The Texture of Falling

Look here, I'm going to try to review The Texture of Falling, a movie that, in the 74 minutes that it's on screen, is certain to have you wondering what the hell is going on -- or if the filmmakers even knew themselves.

From what I could gather, this is about two couples having intense romances in the oh-so-trendy city of Portland, Oregon, their storylines weaving and twisting around each other to the point where you're usually at a loss at what's happening at any given moment. First up, we have painter Sylvia (writer-director Maria Allred), who begins a Fifty Shades of Grey-style submissive/dominant relationship with a married architect (Benjamin Farmer).
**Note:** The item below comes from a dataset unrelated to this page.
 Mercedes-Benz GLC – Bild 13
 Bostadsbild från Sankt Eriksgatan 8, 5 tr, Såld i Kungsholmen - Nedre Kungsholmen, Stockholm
Then we have Louisa (Julie Webb), a creatively blocked filmmaker -- and part-time stripper -- who has a stormy affair with a frustrated pianist (Patrick D. Green), who's also married.

Allred's fractured storytelling seems intended to make the movie a sort of puzzle that comes together at the end (spoiler alert: it so doesn't). But you'll more likely be trying to figure out if what you're witnessing is part of the narrative or some whacked-out, heavily stylized hallucination. (Allred shoots most of this film like it's a '90s perfume commercial.)

While it's obvious Allred wanted to make a possibly autobiographical, blatantly meta take on how insane young adults get when they fall in love, The Texture of Falling ends up being one baffling, infuriatingly pretentious exercise in indie filmmaking. Hell, the title alone probably makes you want to run away from it.